* Task to carry out: Each entry is to be retyped without alteration, and no picture is to be included.

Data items
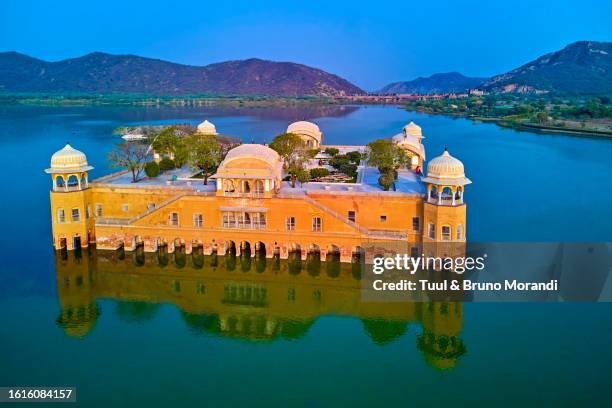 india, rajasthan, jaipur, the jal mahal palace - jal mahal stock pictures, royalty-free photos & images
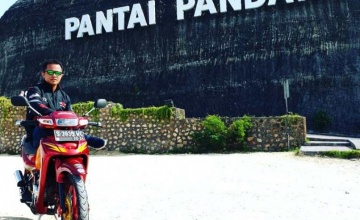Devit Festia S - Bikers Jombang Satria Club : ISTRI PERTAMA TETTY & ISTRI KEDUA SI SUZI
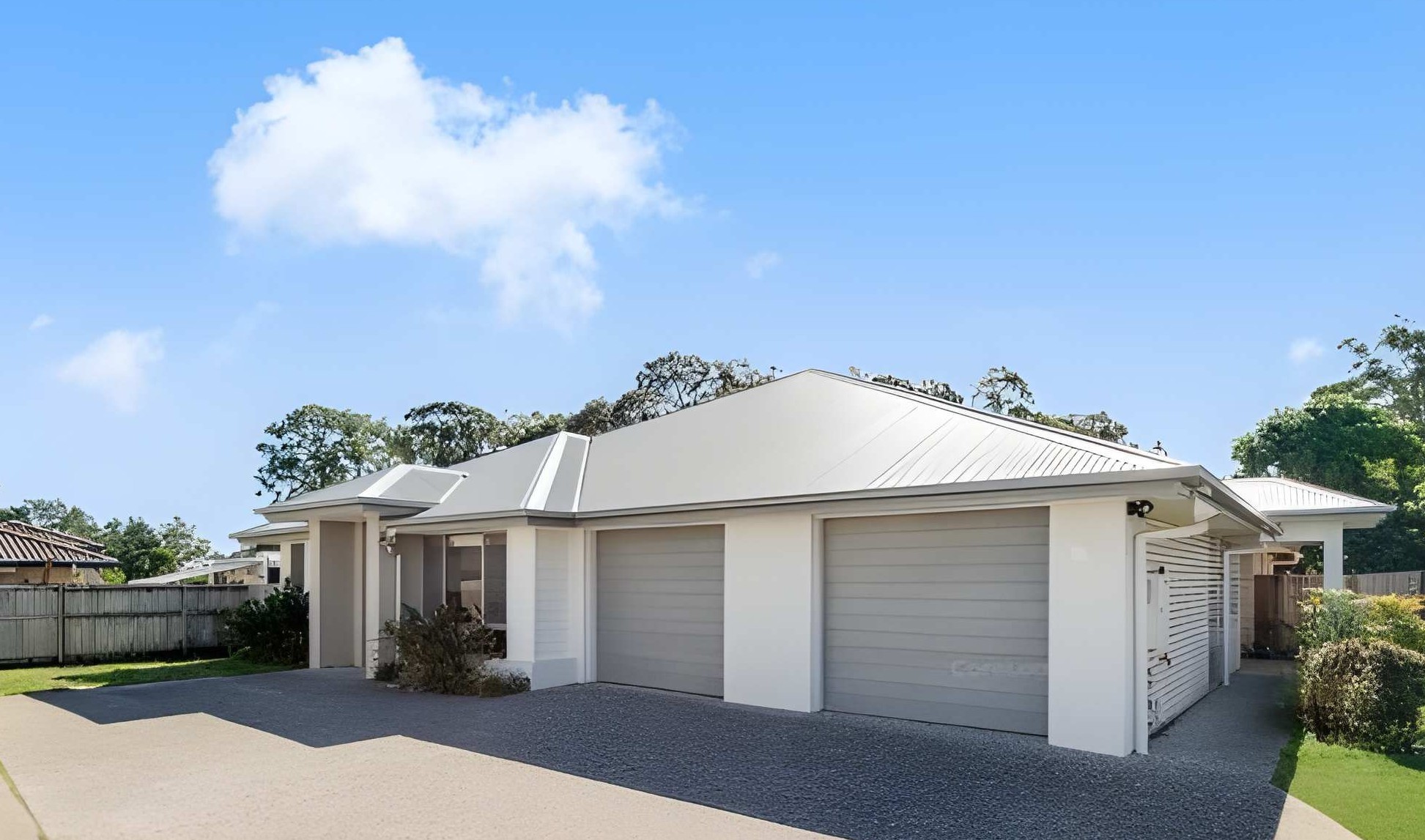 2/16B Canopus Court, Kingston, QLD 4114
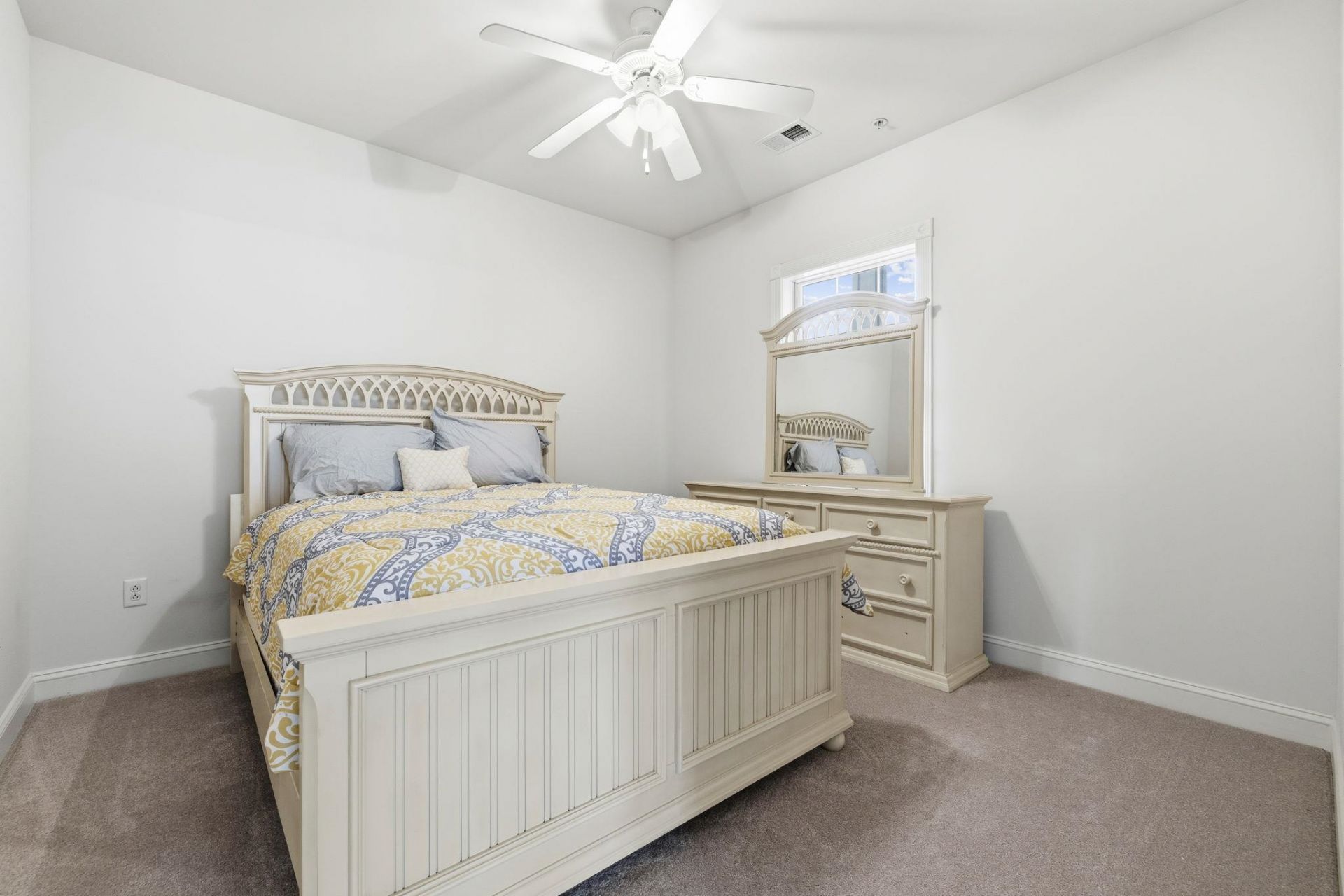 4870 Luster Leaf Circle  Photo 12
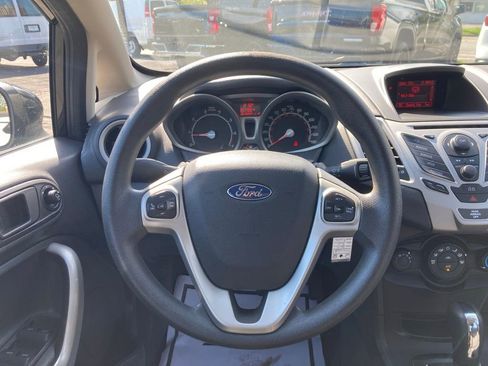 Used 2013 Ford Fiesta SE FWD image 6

* Result of this exercise:
 india, rajasthan, jaipur, the jal mahal palace - jal mahal stock pictures, royalty-free photos & images
Devit Festia S - Bikers Jombang Satria Club : ISTRI PERTAMA TETTY & ISTRI KEDUA SI SUZI
 2/16B Canopus Court, Kingston, QLD 4114
 4870 Luster Leaf Circle  Photo 12
 Used 2013 Ford Fiesta SE FWD image 6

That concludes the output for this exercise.